Earlies (a multinational quartet of Britons and Texans) specialize in
painstakingly-crafted pop-psychedelic electronica, somewhat reminiscent of
Manitoba.
These Were (Secretly Canadian, 2004) collected their early EPs and
singles.
If the catchy One Of Us Is Dead
sounds like a remix of subtly disguised Beatles stereotypes,
the more adventurous Wayward Song
sounds like Brian Eno remixing the
Beach Boys.
The most creative songs are actually in the middle.
Morning Wonder beats the maestro of meta-music at his own game,
overlapping insistent bluesy guitar, electronic beats and trippy vocal
harmonies.
The Devil's Country concocts a majestic soup of symphonic rock, pow-wow and free jazz.
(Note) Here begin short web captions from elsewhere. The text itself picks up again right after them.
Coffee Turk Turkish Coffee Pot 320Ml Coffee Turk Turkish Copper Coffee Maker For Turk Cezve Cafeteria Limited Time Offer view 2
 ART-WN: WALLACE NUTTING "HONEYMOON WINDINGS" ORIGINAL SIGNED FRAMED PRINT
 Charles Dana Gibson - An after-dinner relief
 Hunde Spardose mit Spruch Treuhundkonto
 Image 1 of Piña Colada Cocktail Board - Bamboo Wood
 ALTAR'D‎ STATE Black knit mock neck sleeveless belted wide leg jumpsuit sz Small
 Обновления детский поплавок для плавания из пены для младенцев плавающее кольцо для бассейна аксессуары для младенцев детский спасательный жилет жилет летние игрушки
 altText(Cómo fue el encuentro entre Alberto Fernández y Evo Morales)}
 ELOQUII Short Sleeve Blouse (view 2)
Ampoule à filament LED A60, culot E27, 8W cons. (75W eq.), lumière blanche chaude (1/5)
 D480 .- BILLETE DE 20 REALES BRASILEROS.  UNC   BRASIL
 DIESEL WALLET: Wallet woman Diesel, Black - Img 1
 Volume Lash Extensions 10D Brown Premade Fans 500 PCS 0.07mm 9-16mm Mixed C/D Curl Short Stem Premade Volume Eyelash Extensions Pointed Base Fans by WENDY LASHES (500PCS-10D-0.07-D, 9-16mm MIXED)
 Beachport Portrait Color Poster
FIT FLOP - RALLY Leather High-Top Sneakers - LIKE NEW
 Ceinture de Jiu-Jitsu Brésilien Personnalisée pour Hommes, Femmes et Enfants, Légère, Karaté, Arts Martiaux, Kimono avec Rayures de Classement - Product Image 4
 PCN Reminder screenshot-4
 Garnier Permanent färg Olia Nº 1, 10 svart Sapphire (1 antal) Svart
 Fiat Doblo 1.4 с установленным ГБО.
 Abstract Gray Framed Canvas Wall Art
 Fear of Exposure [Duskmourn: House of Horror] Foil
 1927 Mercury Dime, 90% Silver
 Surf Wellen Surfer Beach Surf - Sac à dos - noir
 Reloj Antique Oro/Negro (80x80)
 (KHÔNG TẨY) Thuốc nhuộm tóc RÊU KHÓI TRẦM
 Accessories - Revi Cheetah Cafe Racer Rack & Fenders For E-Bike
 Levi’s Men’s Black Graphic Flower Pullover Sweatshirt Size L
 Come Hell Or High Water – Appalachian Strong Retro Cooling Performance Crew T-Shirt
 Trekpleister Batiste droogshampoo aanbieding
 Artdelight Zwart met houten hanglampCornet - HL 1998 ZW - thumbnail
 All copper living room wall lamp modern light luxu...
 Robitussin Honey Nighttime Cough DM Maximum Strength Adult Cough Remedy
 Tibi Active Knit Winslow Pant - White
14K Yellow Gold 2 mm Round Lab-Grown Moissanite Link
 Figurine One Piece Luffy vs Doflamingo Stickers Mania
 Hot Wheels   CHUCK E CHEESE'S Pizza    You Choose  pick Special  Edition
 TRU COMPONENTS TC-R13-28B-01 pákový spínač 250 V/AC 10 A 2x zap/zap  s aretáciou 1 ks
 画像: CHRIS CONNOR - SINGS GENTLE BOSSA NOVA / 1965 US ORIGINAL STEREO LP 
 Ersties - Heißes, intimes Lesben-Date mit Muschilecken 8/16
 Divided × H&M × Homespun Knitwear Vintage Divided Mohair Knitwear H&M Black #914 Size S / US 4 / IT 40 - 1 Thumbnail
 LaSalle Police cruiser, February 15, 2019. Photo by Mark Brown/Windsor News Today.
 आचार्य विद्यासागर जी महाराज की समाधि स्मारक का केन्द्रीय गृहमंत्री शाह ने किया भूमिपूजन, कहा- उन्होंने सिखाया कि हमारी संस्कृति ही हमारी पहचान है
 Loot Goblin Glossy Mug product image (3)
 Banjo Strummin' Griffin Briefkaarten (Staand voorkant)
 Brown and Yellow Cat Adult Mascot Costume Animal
The arrangements represent the state of the art in orchestral pop music,
peaking with the pastoral chamber music of the instrumental Slow Man's Dream.
However, the Earlies' first proper album,
The Enemy Chorus (Secretly Canadian, 2007), was a disappointment.
Their orchestral pop (performed by a chamber group of 15 musicians) sounded much more derivative and less catchy, although more texturally elaborate via
electronic beats, string sections and horn sections,
like a mainstream version of the Flaming Lips filtered through
the baroque productions of the "techno-pop" of the 1970s (Alan Parsons, Electric Light Orchestra).
Most songs fell into the category of generic radio-friendly muzak
(No Love in Your Heart, When the Wind Blows, The Ground We Walk On, Foundation and Earth).
The notable exception (the instrumental Gone for the Most Part) boasted the production eccentricity of Pink Floyd's Dark Side of the Moon.